There was more money in the sport, thanks in no small way to Telstra’s massive sponsorship, swimmers were among Australia’s highest-profile athletes – not just Thorpe and Perkins but also Grant Hackett, Michael Klim, Susie O’Neill, Samantha Riley, Hayley Lewis, Leisel Jones … the list goes on – and even their coaches became household names. And television ratings just kept going through the roof.
And on a similar note in the Sydney Morning Herald:
That was during the quite literally golden era between the 1996 Atlanta Olympics and – but for some reason, not quite including – Beijing 2008, when Kieren Perkins, Ian Thorpe, Susie O’Neill, Grant Hackett, Samantha Riley and the rest were like the cast of a beloved soap opera. Not merely household names, they appeared at least semi-regularly in our households.

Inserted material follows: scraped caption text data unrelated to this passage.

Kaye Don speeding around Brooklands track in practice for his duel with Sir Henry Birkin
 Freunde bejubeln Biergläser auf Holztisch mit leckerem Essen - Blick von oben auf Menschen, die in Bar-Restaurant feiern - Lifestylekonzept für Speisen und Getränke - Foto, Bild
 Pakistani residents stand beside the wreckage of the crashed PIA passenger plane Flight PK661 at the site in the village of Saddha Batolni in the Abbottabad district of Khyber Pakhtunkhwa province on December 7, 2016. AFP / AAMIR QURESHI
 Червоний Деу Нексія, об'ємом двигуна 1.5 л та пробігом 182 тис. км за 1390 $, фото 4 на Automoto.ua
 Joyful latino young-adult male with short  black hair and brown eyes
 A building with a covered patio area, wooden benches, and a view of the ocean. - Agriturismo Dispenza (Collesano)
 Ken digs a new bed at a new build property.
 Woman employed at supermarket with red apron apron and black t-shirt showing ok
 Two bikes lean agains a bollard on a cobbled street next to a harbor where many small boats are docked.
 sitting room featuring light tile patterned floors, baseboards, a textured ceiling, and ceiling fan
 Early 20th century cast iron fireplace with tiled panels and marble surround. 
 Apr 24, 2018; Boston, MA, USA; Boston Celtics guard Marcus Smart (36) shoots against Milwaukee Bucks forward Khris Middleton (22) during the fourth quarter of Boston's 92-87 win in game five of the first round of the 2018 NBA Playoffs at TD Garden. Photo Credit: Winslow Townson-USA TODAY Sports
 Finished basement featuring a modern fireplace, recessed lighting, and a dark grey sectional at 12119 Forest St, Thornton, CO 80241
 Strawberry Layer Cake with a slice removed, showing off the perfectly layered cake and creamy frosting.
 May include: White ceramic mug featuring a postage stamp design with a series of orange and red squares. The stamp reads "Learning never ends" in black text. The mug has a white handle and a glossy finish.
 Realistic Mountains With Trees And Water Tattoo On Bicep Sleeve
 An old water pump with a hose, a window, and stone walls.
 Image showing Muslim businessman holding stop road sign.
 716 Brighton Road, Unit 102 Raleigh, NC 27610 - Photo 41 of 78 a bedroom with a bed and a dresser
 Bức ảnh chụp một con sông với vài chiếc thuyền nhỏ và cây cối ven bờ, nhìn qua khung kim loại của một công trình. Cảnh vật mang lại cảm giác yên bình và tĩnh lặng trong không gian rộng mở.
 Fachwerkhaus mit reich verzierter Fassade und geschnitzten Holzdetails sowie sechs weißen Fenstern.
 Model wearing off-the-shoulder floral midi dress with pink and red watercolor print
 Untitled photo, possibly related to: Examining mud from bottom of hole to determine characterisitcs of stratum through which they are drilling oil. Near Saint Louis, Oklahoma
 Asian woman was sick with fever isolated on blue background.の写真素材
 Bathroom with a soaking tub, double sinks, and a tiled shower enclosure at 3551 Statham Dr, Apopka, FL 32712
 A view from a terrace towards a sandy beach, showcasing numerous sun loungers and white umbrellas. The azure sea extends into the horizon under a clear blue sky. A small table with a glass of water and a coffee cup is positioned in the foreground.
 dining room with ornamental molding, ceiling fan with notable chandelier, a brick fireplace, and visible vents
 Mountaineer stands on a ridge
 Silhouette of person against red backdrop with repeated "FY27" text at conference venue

It was a time when it was not unsual for more than one million viewers to watch domestic trials, and during which we discovered the Pan Pacs were not one of those economic forums where politicians dress in crazy floral shirts.
Since then? The reasons why swimming has disappeared from mainstream consciousness are well known. Chiefly, there is the eight-year rights agreement Swimming Australia signed with the Ten Network. A deal that has consequently seen the sport abused and not very well used by the station’s no-longer-sports-dedicated affiliate One HD.